M. Syukur dalam keterangannya di Jakarta Senin, mengatakan jika direalisasikan, amendemen konstitusi harus dapat menghadirkan nilai-nilai demokrasi yang lebih substantif dan menjamin terpenuhinya setiap hak asasi yang dimiliki oleh warga negara.
“Dengan kata lain amendemen UUD 1945 bukanlah harga yang murah, oleh karenanya dampak yang diberikannya pun harus sesuai dan memberikan pengaruh positif bagi pelaksanaan kehidupan bernegara yang lebih demokratis,” katanya.

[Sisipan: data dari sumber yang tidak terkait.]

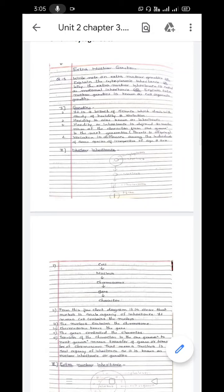From this flow chart it is clear that the nucleus contains chromosomes, and chromosomes carry the genes. These genes control the characters. The transfer of characters from one generation to the next generation means transfer of genes and chromosomes. Therefore the nucleus is the sole agency of inheritance, and this is known as nuclear inheritance.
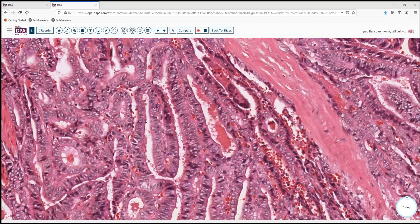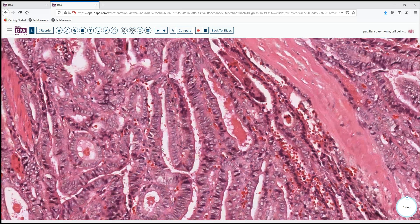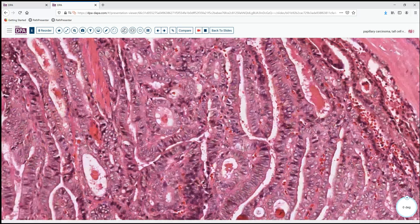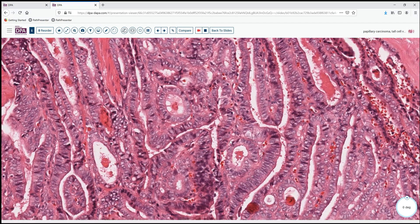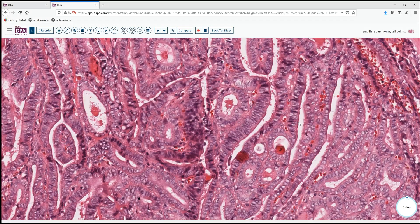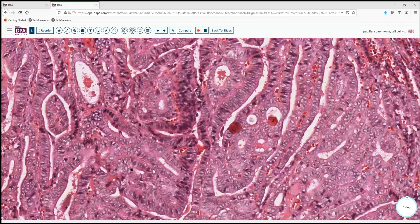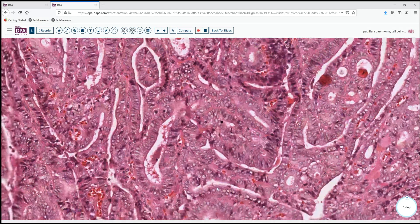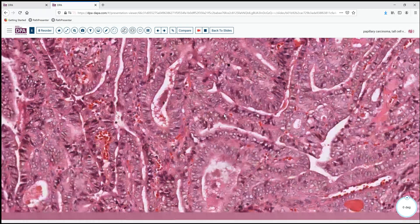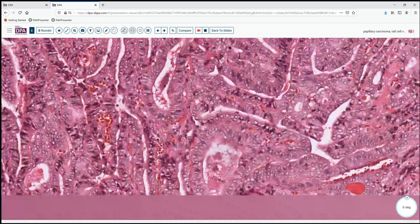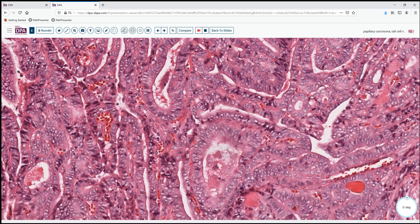We see that in this area here. And so once we get to an area where 20, 30 or more percent of the tumor has that type of configuration, we start to be concerned about a tall cell variant of papillary carcinoma with these nuclear features.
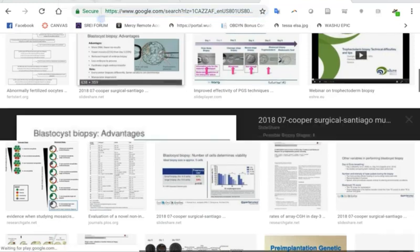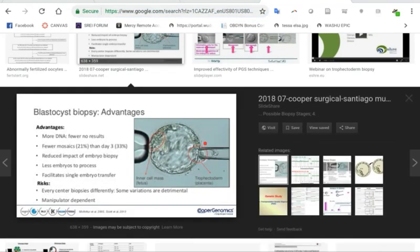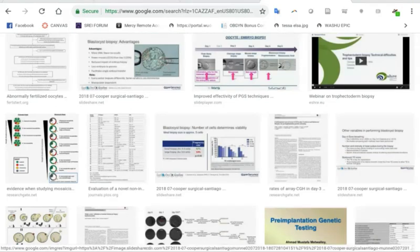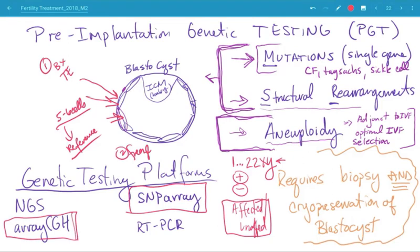Here's an example of what a trophectoderm biopsy looks like. The embryo is being biopsied — a laser is used to make a hole in the zona pellucida, and then the trophectoderm cells are gradually suctioned out. Remember, the inner cell mass ultimately becomes the fetus; the trophectoderm ultimately becomes the placenta. So you're taking the cells that will become the placenta, amplifying them, and running them on an array — either a SNP array or a CGH array — to look for gains or losses in chromosomes. Many reference labs have now moved to next-generation sequencing.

Wacana amendemen ke-5 UUD 1945 kembali menjadi perbincangan seusai Sidang Tahunan MPR pada 16 Agustus 2021.
Pidato Ketua MPR yang menyinggung mengenai PPHN dan agenda perubahan UUD 1945 serta apresiasi yang disampaikan oleh Presiden Jokowi terhadap wacana tersebut tentunya telah menarik perhatian dan pertanyaan semua kalangan.
Terutama menurutnya di kondisi pandemi saat ini yang seakan-akan memosisikan pelaksanaan amendemen cenderung dipaksakan.

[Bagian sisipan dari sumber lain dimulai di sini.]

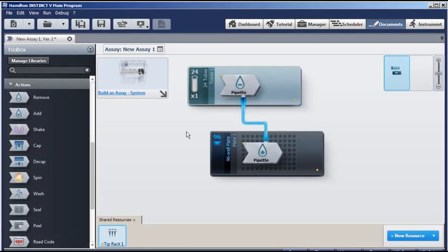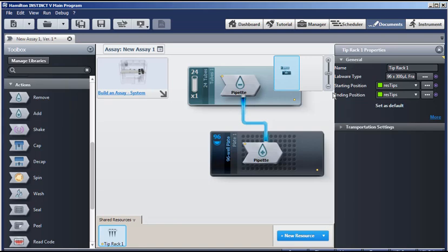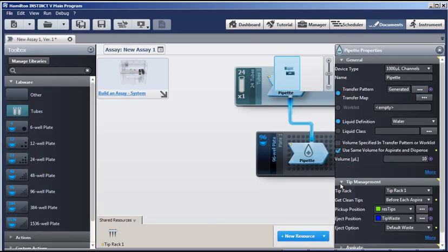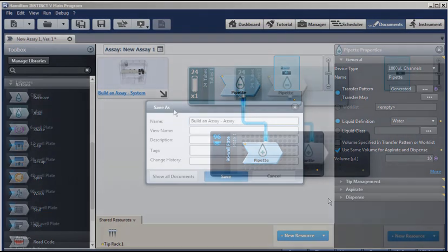And finally, the tips that we use are shared resources. Just like a trough of liquid, it can be used by any assay. So the settings are here for the tip rack. It has a starting and ending position. We know that's res tips. And you can choose the type of tips right here. There are other settings, including tip management. So we verify that our pickup position is res tips. And the eject position is the tip waste. And all the other pipetting properties, such as selecting a liquid class, or details about aspiration and dispense, can be examined later.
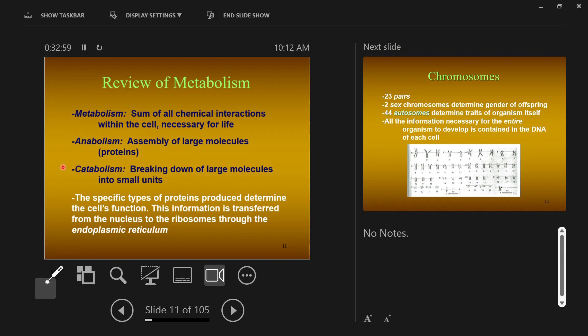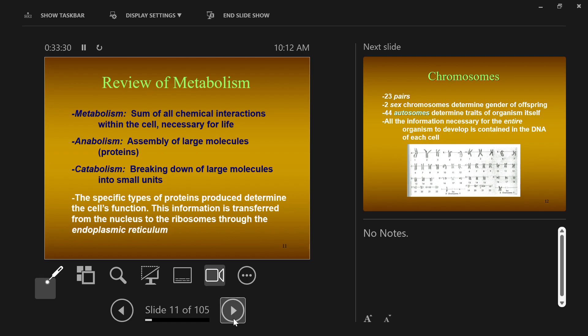Cells produce lots of things, but importantly, cells produce proteins. The type of proteins that the cell produces determines what the cell does, and this information gets transferred from nucleus to ribosomes through the endoplasmic reticulum, and the cell then builds its new thing outside of the nucleus to keep the cell running.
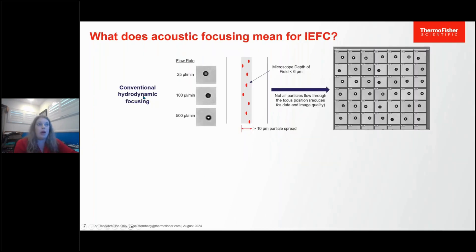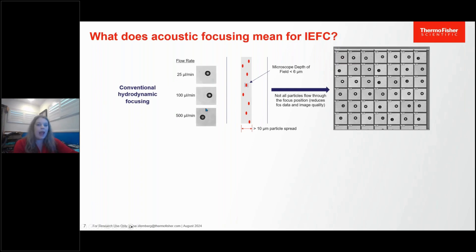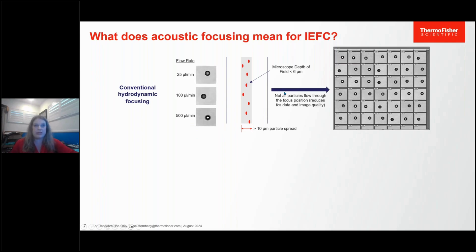A couple of words on acoustic focusing — it is key to the technology and key to why we can do image-enhanced flow cytometry on the Attune flow cytometers. With conventional hydrodynamic focusing alone, at low flow rates cells bop around a little bit, and at higher flow rates the cells are moving really fast through the stream, making it very hard to capture images. The images we do capture are very blurry and indistinct.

“Namun, bila kita melihat syarat pengajuan perubahan yang tercantum dalam Pasal 37 UUD 1945, maka diperlukan 2 syarat untuk dapat diagendakannya perubahan tersebut,” ucap dia.
Syarat pertama adanya pengajuan oleh sepertiga Anggota MPR, serta syarat kedua adanya usulan tertulis terhadap pasal-pasal yang akan diubah beserta alasannya. Jika mengacu pada kedua syarat tersebut serta dengan hitung-hitungan politik yang ada saat ini maka wacana amendemen UUD 1945 sangat mungkin untuk diwujudkan.

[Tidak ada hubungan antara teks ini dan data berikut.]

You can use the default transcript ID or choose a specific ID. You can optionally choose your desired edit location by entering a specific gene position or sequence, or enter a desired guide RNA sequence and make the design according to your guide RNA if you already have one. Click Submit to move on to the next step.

“Bila kita melihat sejarah, amendemen UUD 1945 diawali dengan momentum yang sangat masif dan kemudian menghasilkan sebuah konsensus politik yang kemudian berdampak pada pergeseran kekuasaan pembentukan legislasi, pembatasan masa jabatan presiden, serta pergeseran sistem pemerintahan dari yang bersifat sentralisasi ke desentralisasi,” tuturnya.
Perubahan-perubahan tersebut tentunya telah memberikan dampak yang signifikan terhadap pelaksanaan pengelolaan negara saat ini.